If BA had a poor Industrial Relations history then that is part of the mix. However, the onus is also on the union to avoid pitching up with utterly mental demands that leave the company no other option.
I agree but BALPA was not making 'mental demands'.

As for Jim McAusland making a 'well informed' plea to the City to unseat Willie - I nearly fell off my chair. There is very little investor sympathy towards any Union (nothing personal) but I think that even my mates can see through a deposition request from a Union that is in dispute with its CEO. It's a cold hard world.
It made me squirm a little too! However Willie Walsh's track record is not good on the industrial relations front. But then he was a former union leader so perhaps that is where he learnt to be so unreasonable.

BA pilots are - in general - wonderfully trained and well selected individuals. That is, of course, in part due to a whole bunch of systematic management policies and activity - it doesn't happen by magic. Managers have to agree that it is desirable, spend the money and manage the process. Pilots are a massive part of that but it seems astonishingly arrogant to suggest that BA Pilots are good despite their management.
BA Technical and training management are, on the whole, well respected by the pilots. The rest of BA's management are held in utter contempt. If you had witnessed and experienced them from the inside you may well agree.
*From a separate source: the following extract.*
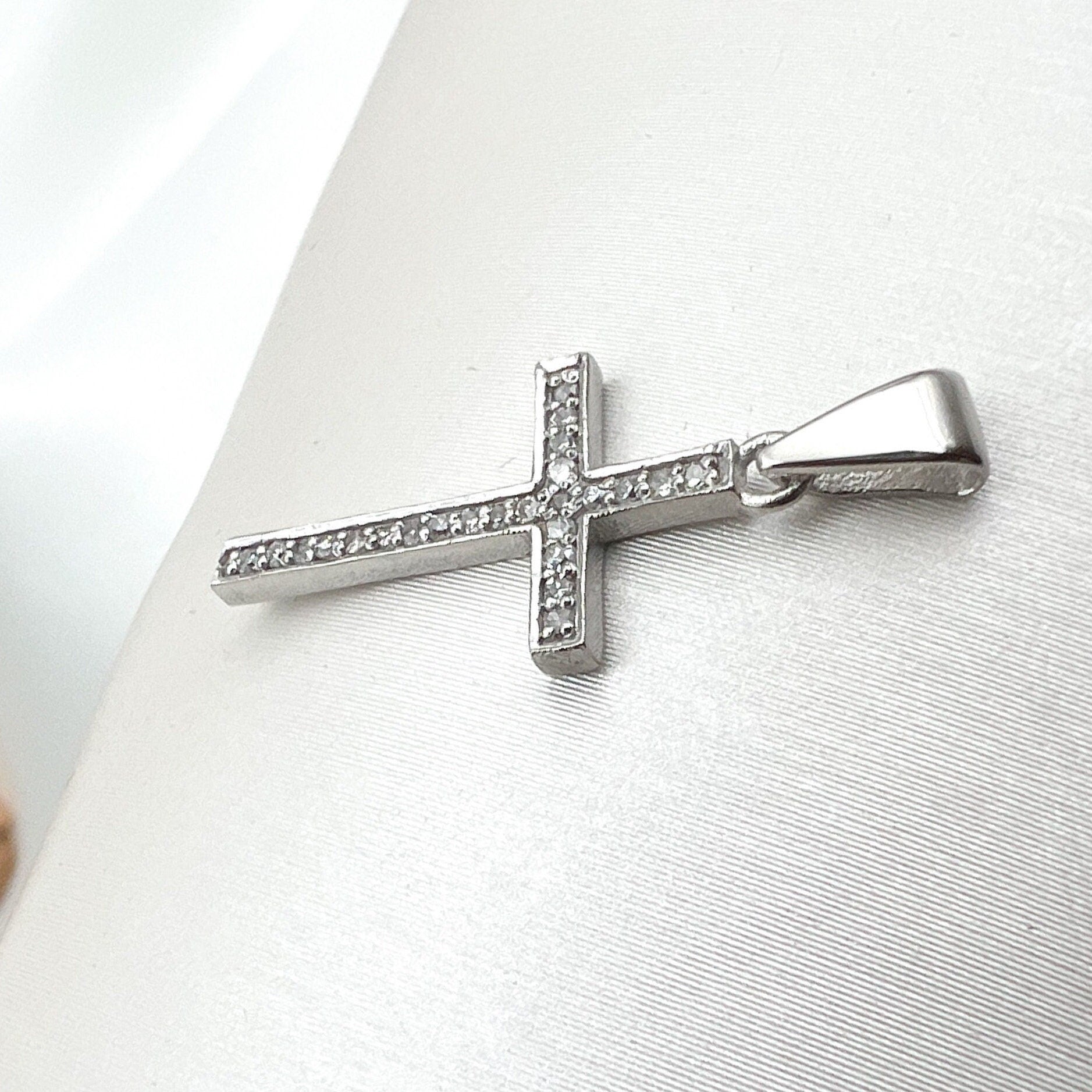 Elegant White Gold Latin Cross Pendant with Diamonds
Lord King/Virgin case, fuel surcharge cartel, T5 to name but three of the disgraceful and embarrassing ways some of our managers have behaved.

BA is good because it is a good company (in a rubbish sector, by the way). What is also thunderingly arrogant is the notion that pilots from outside the airline (a pool which BA also draws from) are in some way inferior. What happens when a BA pilot is recruited? Do they walk through a smokey portal like on 'Stars in Their Eyes' to emerge as some form of Sky God? I think not - they benefit from training and environment that is supported by - guess who - British Airways PLC, not BALPA (although they appear to have a valuable contribution to training a technical).
This whole issue of standards to which you allude arose because BA, during the OpenLies, talks said that OpenLies pilots would not be allowed to automatically join mainline, they would have to go through the whole application process because 'they had been recruited to a different standard'. It was not BALPA or BA pilots who alleged that OpenLies pilots were in some way inferior but BA management.
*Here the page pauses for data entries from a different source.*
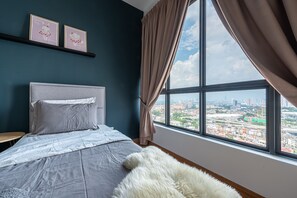 Deluxe Room | Desk, iron/ironing board, bed sheets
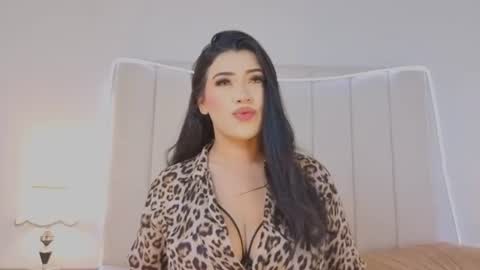 innavolkova online show from July 2026 12:23:01 PM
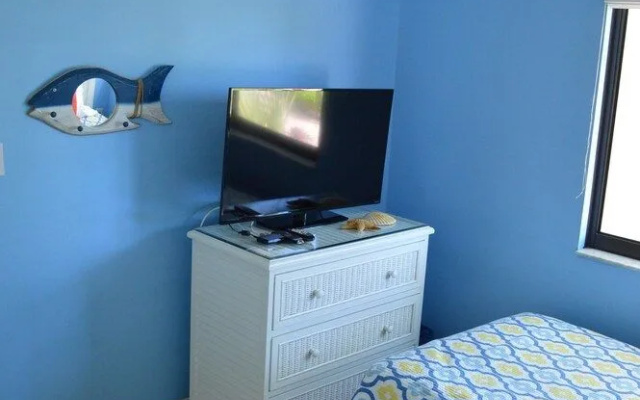 photo 4 of Cove II 822F 2 Bedroom Condo By Midnight Cove II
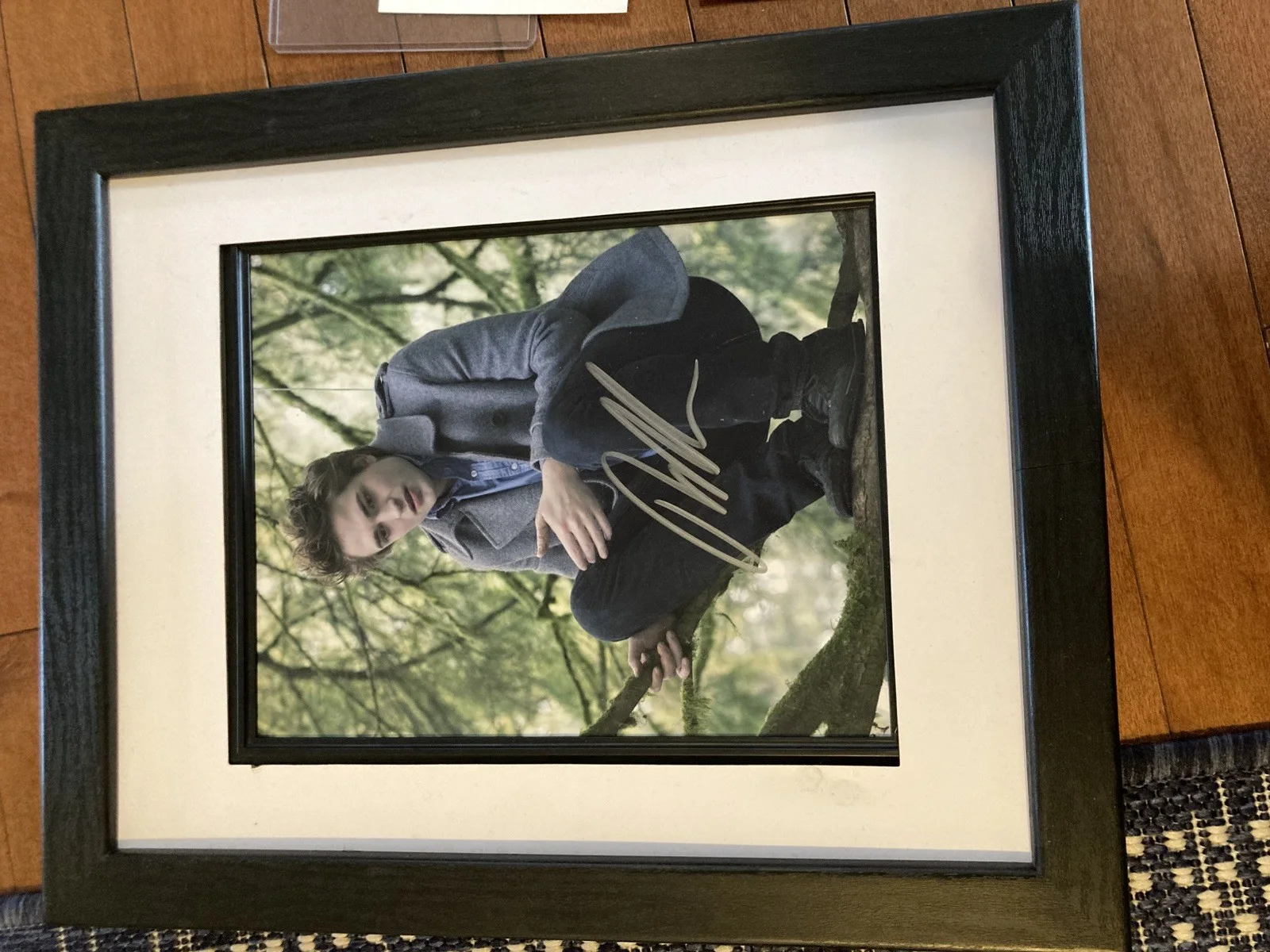 Robert Pattinson — Robert Pattinson Signed Autograph 8x10 Photo Authentic Twilight COA, image 2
- but I do not think that they are the industry-screwing force that BALPA claim... ...some airlines are asking pilots to PAY to be on the aircraft. Are OpenSkies doing that? Apparently not. Some airlines pay less than OpenSkies (quite a few looking at the figures here)....
Having seen the OpenLies contract I am amazed anybody would want to take a job with them.


My apologies for the length of post.

Last edited by M.Mouse; 26th May 2008 at 23:36.